▶ [GOAL OF THE EXERCISE] With pictures excluded, copy word for word the lines in the data below from the line containing "Goldene Bild der Frau 2019 in Hamburg" through the line containing "FOTOLAR Bakıda həyət".

▶ [DATA PROVIDED]
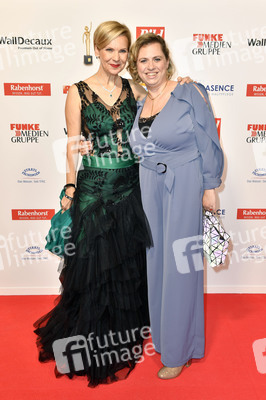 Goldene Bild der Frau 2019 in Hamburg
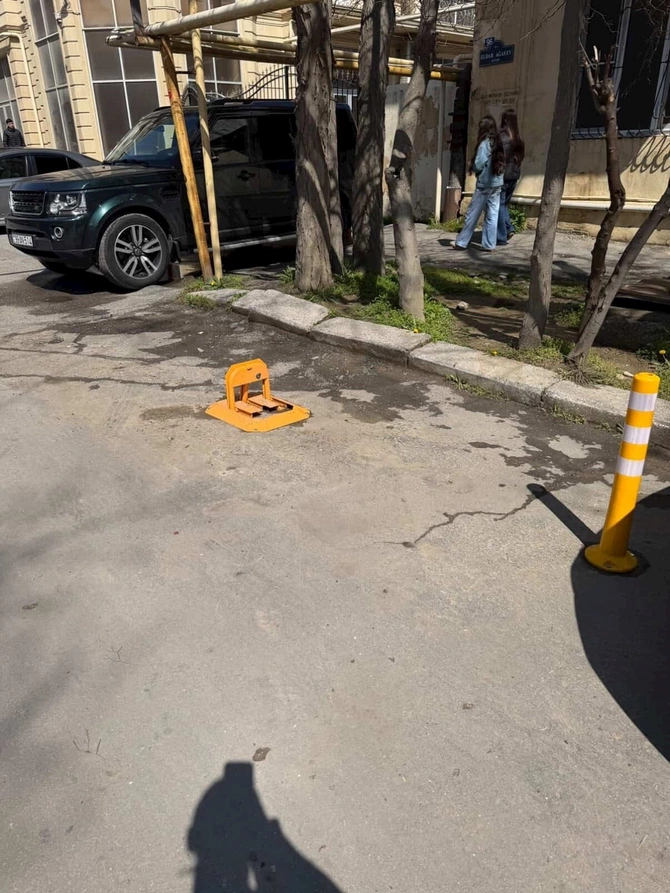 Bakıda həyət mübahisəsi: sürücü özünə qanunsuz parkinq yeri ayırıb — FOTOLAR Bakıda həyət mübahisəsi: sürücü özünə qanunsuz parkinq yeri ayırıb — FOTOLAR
--
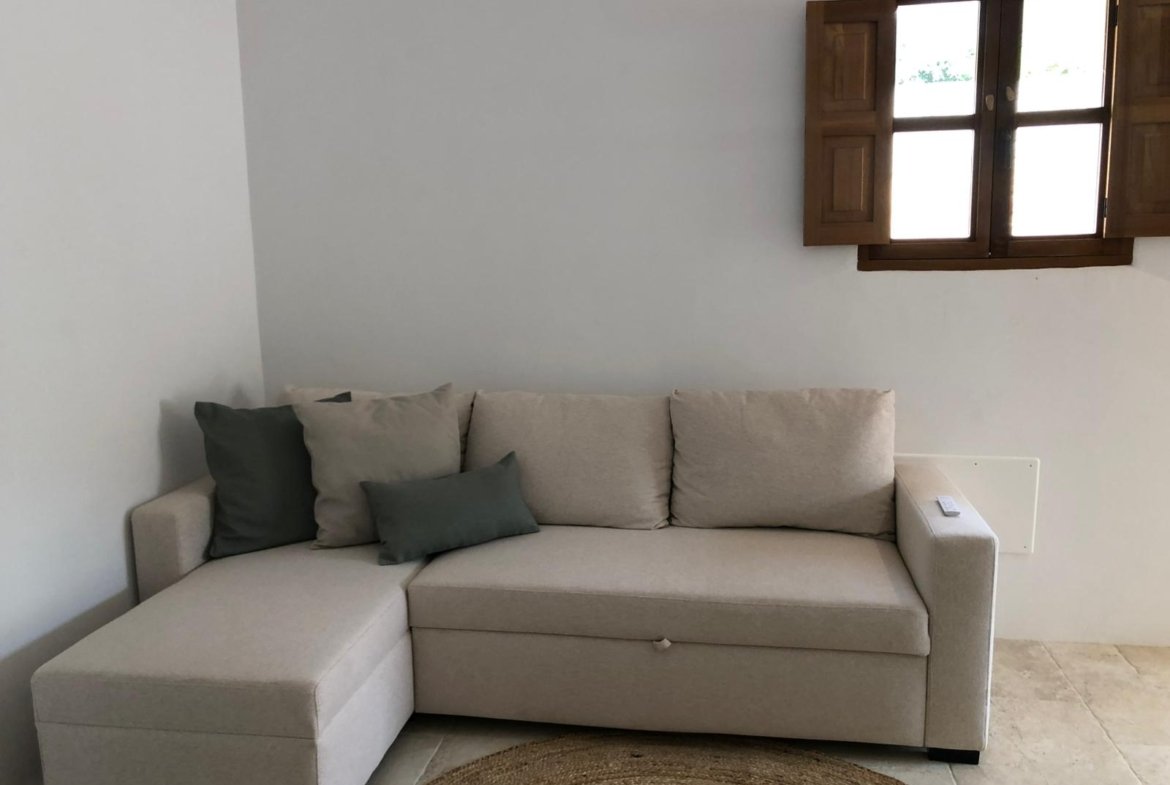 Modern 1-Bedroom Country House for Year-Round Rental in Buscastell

▶ [WRITTEN ANSWER]
 Goldene Bild der Frau 2019 in Hamburg
 Bakıda həyət mübahisəsi: sürücü özünə qanunsuz parkinq yeri ayırıb — FOTOLAR Bakıda həyət mübahisəsi: sürücü özünə qanunsuz parkinq yeri ayırıb — FOTOLAR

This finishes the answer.